|
|
|
Next: 4.3.3 Controlling communication
Up: 4.3 Using the WRAPPER
Previous: 4.3.1 Specifying a domain
Contents
Subsections
4.3.2 Starting the code
When code is started under the WRAPPER, execution begins in a main routine eesupp/src/main.F that is owned by the WRAPPER. Control is transferred
to the application through a routine called THE_MODEL_MAIN()
once the WRAPPER has initialized correctly and has created the necessary variables
to support subsequent calls to communication routines
by the application code. The startup calling sequence followed by the
WRAPPER is shown in figure 4.11.
Figure 4.11:
Main stages of the WRAPPER startup procedure.
This process proceeds transfer of control to application code, which
occurs through the procedure THE_MODEL_MAIN().
|
4.3.2.1 Multi-threaded execution
Prior to transferring control to the procedure THE_MODEL_MAIN() the
WRAPPER may cause several coarse grain threads to be initialized. The routine
THE_MODEL_MAIN() is called once for each thread and is passed a single
stack argument which is the thread number, stored in the
variable myThid. In addition to specifying a decomposition with
multiple tiles per process ( see section 4.3.1)

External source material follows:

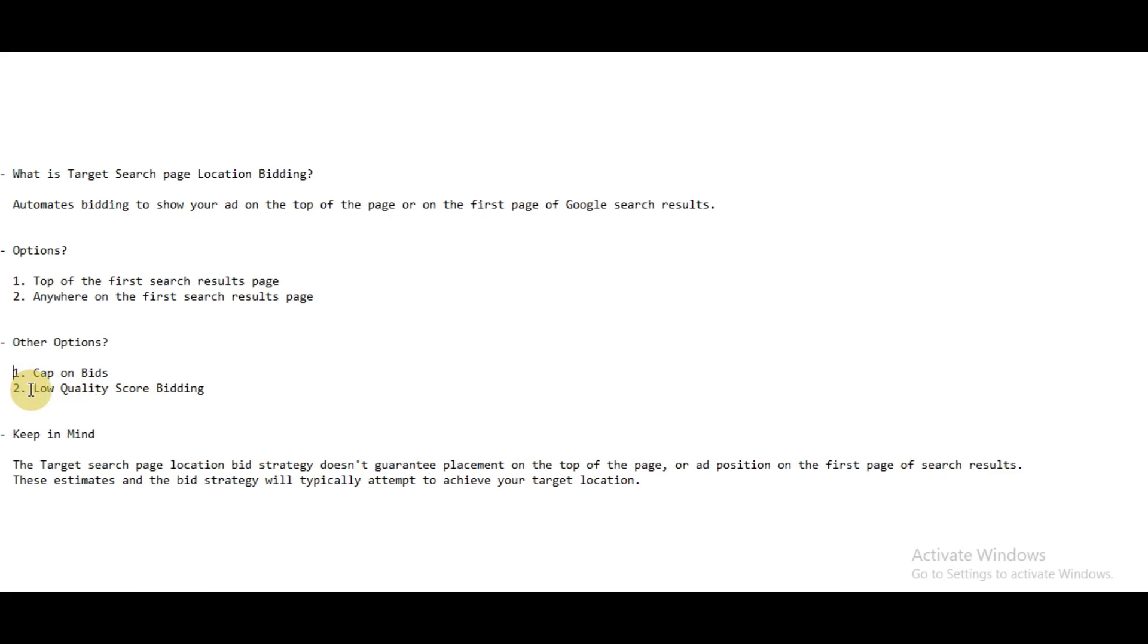Then you have the option whether you want to show ads for low quality keywords or not. Because when the quality of keywords is low and you want to show your ad at the top of the first page, then you have to pay a very high amount for that click. So you can exclude the low-performing keywords in this bid strategy.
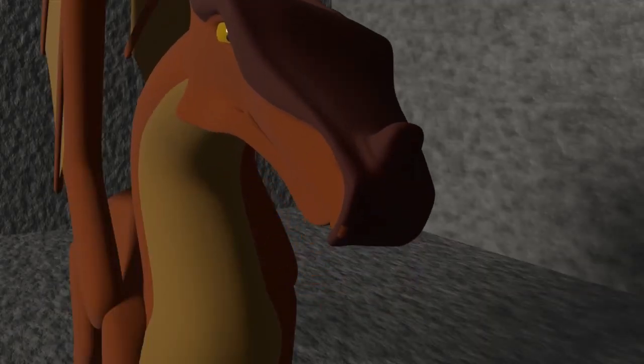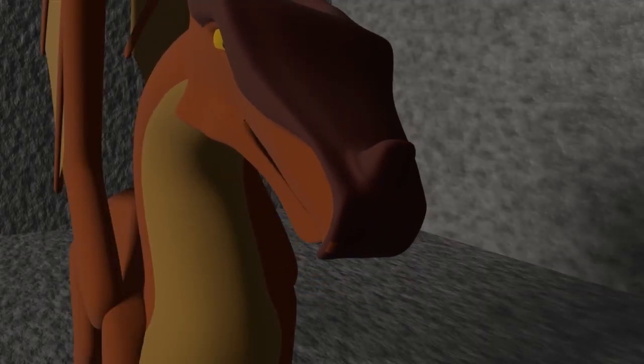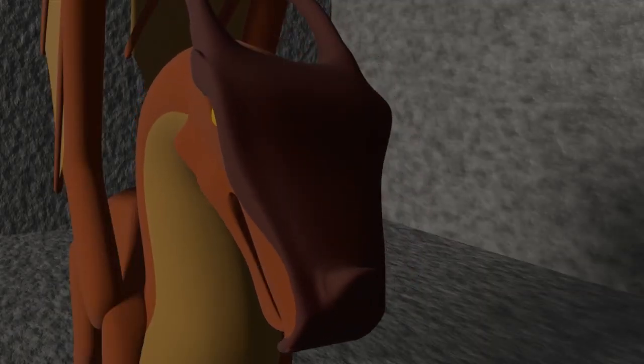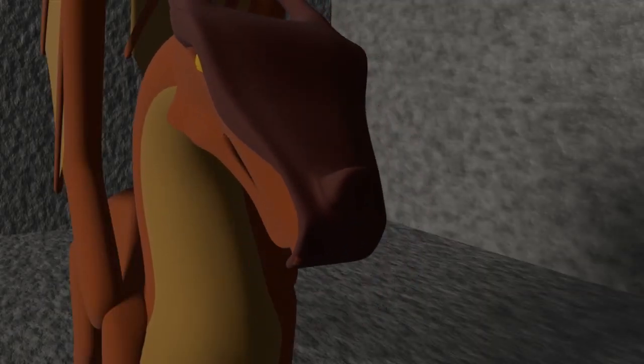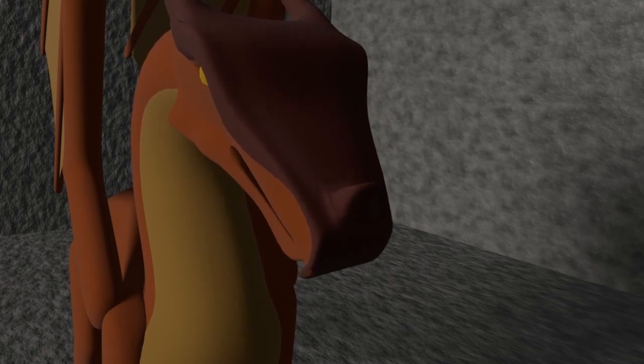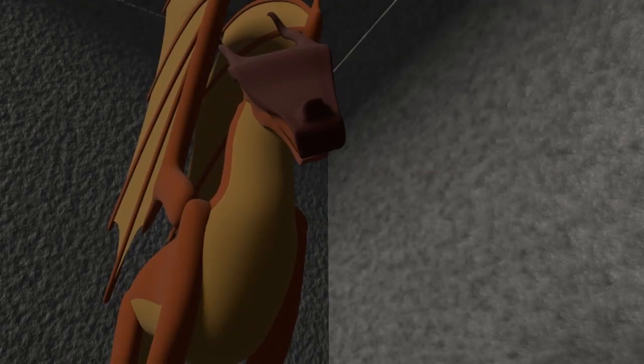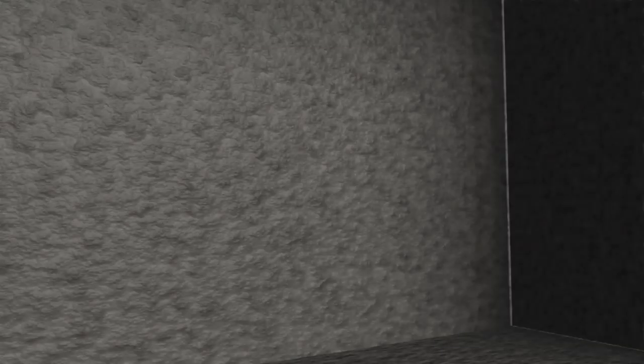Tom, do you even know what this is? For all we know, it could be an interdimensional wormhole, or a gateway to hell, or... Tom?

configuring and starting a code to run using multiple threads requires the following
steps.
First the code must be compiled with appropriate multi-threading directives
active in the file main.F and with appropriate compiler flags
to request multi-threading support. The header files
MAIN_PDIRECTIVES1.h and MAIN_PDIRECTIVES2.h
contain directives compatible with compilers for Sun, Compaq, SGI,
Hewlett-Packard SMP systems and CRAY PVP systems. These directives can be
activated by using compile time
directives -DTARGET_SUN,
-DTARGET_DEC, -DTARGET_SGI, -DTARGET_HP
or -DTARGET_CRAY_VECTOR respectively. Compiler options
for invoking multi-threaded compilation vary from system to system
and from compiler to compiler. The options will be described
in the individual compiler documentation. For the Fortran compiler
from Sun the following options are needed to correctly compile
multi-threaded code
-stackvar -explicitpar -vpara -noautopar
These options are specific to the Sun compiler. Other compilers
will use different syntax that will be described in their
documentation. The effect of these options is as follows
- -stackvar Causes all local variables to be allocated in stack
storage. This is necessary for local variables to ensure that they are private
to their thread. Note, when using this option it may be necessary to override
the default limit on stack-size that the operating system assigns to a process.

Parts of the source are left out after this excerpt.